A Londra conquistammo due ori, uno con il mitico ginnasta modenese Alberto Braglia e l’altro nella lotta greco-romana, categoria pesi leggeri, con l’irrequieto Enrico Porro, un discolo di Porta Ticinese – Milano (nato a Lodi Vecchio nel 1885) che la madre fece imbarcare come mozzo per la disperazione, presa sempre più com’era dal suo lavoro nel ristorante di famiglia, desiderosa di correggerlo almeno un po’, in parole povere: toglierselo dai piedi… Ma lui scappò da Buenos Aires, tornò nel capoluogo lombardo a “menar le mani” dappertutto, fino a che non riuscirono a farlo sfogare sul Paviment de giass, la palestra del rione così chiamata poiché d’inverno vi faceva freddo a tal punto che la leggera patina d’umidità sul pavimento si congelava, facendolo scricchiolare come se fosse di ghiaccio.

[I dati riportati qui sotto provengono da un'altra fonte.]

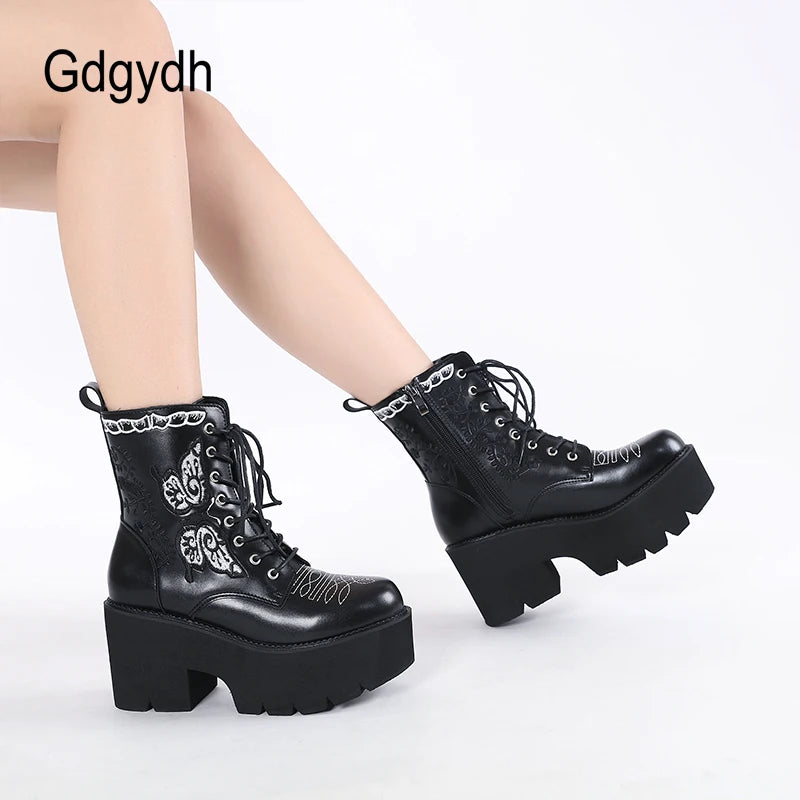 Gdgydh Women's Platform Boots Lace Up and Zipper Chunky Heels Black Dark Combat Ankle Booties Fashion Embroider Studded Boots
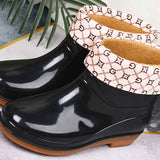 Womens Rain Boots Fashion Antiskid Short Rain Boot Round Head Radian PVC Plastic Rain Boots Black Padded 37 In Australia - Darrahopens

Si specializzò nella lotta greco-romana, quell’antica arte che permetteva solo le prese con le braccia e non sotto la cintola, richiedente abilità e forza in grande quantità. Nella sua cerchia, ben presto si fece una riverita fama, poiché in allenamento riusciva ad atterrare gente ben più grossa ed esperta. Alto poco più di un metro e mezzo, biondo, occhi azzurri, orecchie a sventola, dotato di un possente torace e muscoli d’acciaio, a diciassette anni partecipò al suo primo torneo ufficiale, a Legnano, conquistando la medaglia d’oro. Si trattava di una competizione di livello, tanto che “La Gazzetta dello Sport” ne riportò il resoconto definendo Enrico “il ragazzo che atterra gli uomini”.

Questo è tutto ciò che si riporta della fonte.